Тому, как упражняться в подлинном подражании Христу, в уподоблении собственных страданий Страстям Христовым[125], учит «открытая, распростертая книга распятой плоти» Христовой[126], которая является «началом школы Премудрости»[127]. «Книга распятой плоти» Христовой как «начало школы Премудрости» – эта характерная для Сузо формулировка была, тем не менее, придумана не им. По-видимому, Сузо заимствовал ее у Бонавентуры, который также называл Крест «книгой Премудрости», которую необходимо изучать каждому, так как в ней содержится вся мудрость Хрис-това[128]. В свою очередь, и Бонавентура, и Сузо в своем понимании христианской мудрости как знания, вырастающего из созерцания распятого на Кресте Христа, опираются на слова ап.
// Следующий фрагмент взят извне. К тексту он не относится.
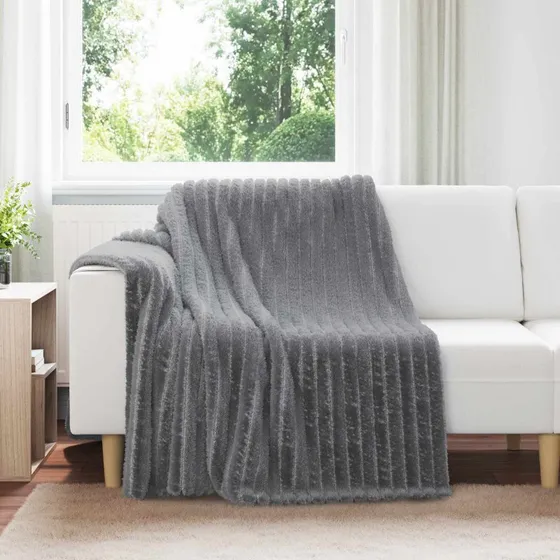vidaXL Kastetæpper 6 stk Mørkegrå 200 x 150 cm Fleece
Павла: «Ибо я рассудил быть у вас не знающим ничего, кроме Иисуса Христа, и притом распятого» (1 Кор 2, 2).
Для «Книги Вечной Премудрости» фразу о «распятой плоти» Христовой как «начале школы Премудрости» можно считать ключевой. Вечная Премудрость говорит своему Служителю: «Оставь друзьям своим созерцать суетные вещи и слушать легковесные россказни. Следуй за Мной и вкушай от любви ко Мне то, что прежде было чуждо тебе. Преодолей ради Меня рыхлость плоти своей.
Следует тебе весь свой покой искать во Мне, возлюбить телесные неудобства и добровольно страдать от исходящего от других зла, возжелать презрение к себе, умертвить все свои желания и стремление к удовольствиям»[129]. Следуя за Христом, человеку надлежит постоянно помнить, скольким он Ему обязан и что он постоянный Его должник. Какими бы ни были самостоятельные достижения человека, но без упования на Христа подлинное подражание ему невозможно: «Если человек делал бы все, полагаясь только лишь на свои собственные силы, то каким бы значительным он ни был для Меня в этом мире, кто Я для него?»[130].
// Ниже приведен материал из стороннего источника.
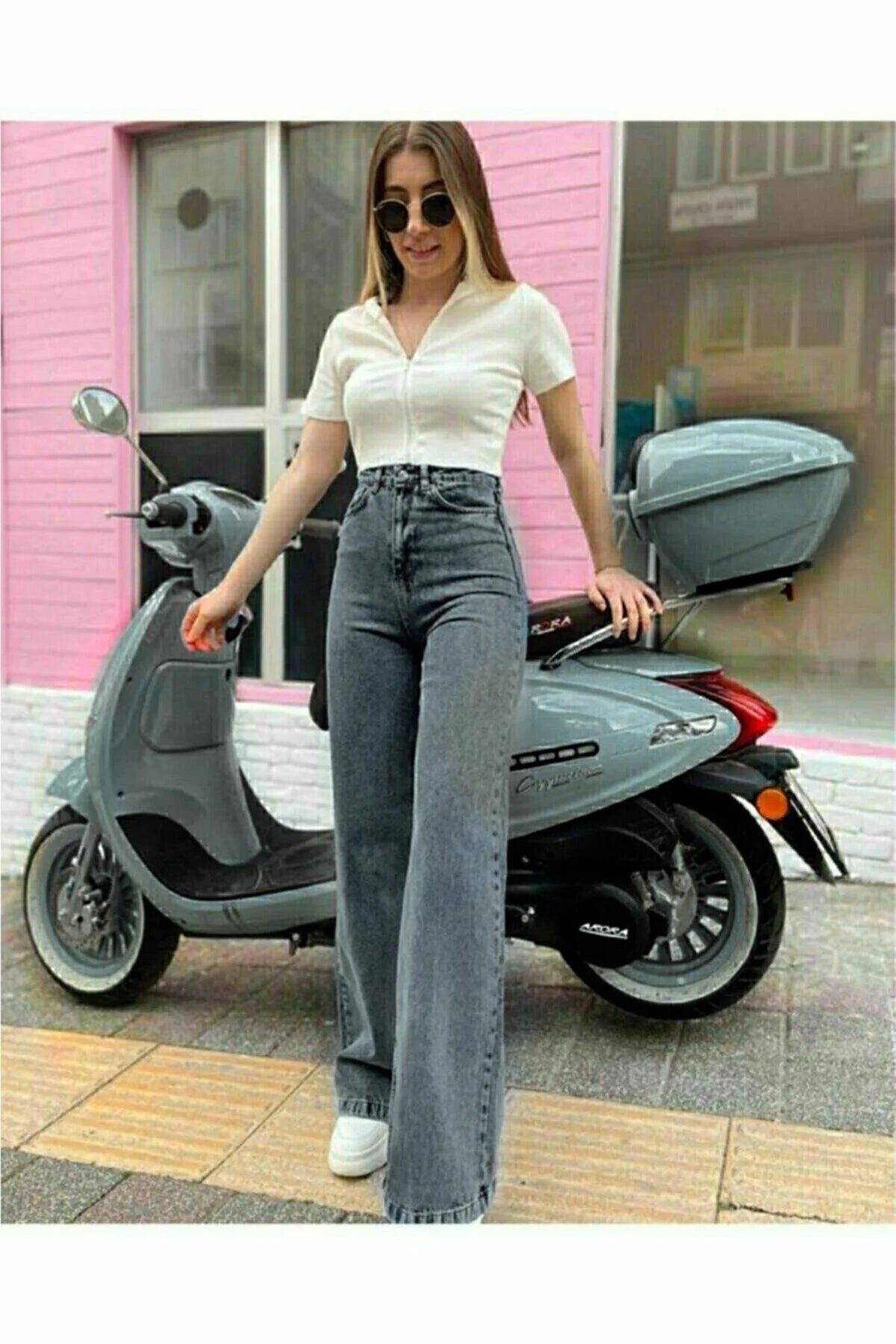 Ramrod Medusa Smoked Power Lycra  Jeans Palazzo Trousers Trendy Bootcut High-Waisted Jeans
Исходя из этого, Христова Жертва на Кресте оказывается в центре новых перспектив толкования. Прежде всего, это дар Божественной Любви, спасающий человеческий род, избавляющий его от первородного греха. По своей ценности этот дар превосходит все другие возможные дары. Великая мера Страстей Христовых, превосходящая всякую меру, является откровением неизмеримой любви Бога к людям. В этом определении – мера, превосходящая всякую меру – заметно влияние определения Бога Сенеки и Ансельма Кентерберийского: Бог – это то, больше чего ничего невозможно помыслить[131]. Однако Сузо, следуя, по-видимому, традиции Бернарда Клервосского, который также прибегал к аналогичному определению Бога[132], заменяет Бога как объект мышления на Бога как воплощение беспредельной любви, логическую абстракцию на персонифицированное богооткровение Христа, известное по Евангелию. Благодаря тому, что философская абстракция наполняется плотью и кровью живого повествования, классическая конструкция рационального школьного богословия гармонично, непротиворечиво и нерасторжимо соединяется с превышающим возможности человеческого разума евангельским откровением любви, наполняя и то, и другое новым, более глубоким смыслом и открывая для верующего новые перспективы жизненной и интеллектуальной ориентации. Любопытно, что приблизительно то же самое проделывал с определением Бога Сенеки и Ансельма Кентерберийского учитель Генриха Сузо Майстер Экхарт в одной своей латинской проповеди (sermo XXIX «Deus unum est»)[133].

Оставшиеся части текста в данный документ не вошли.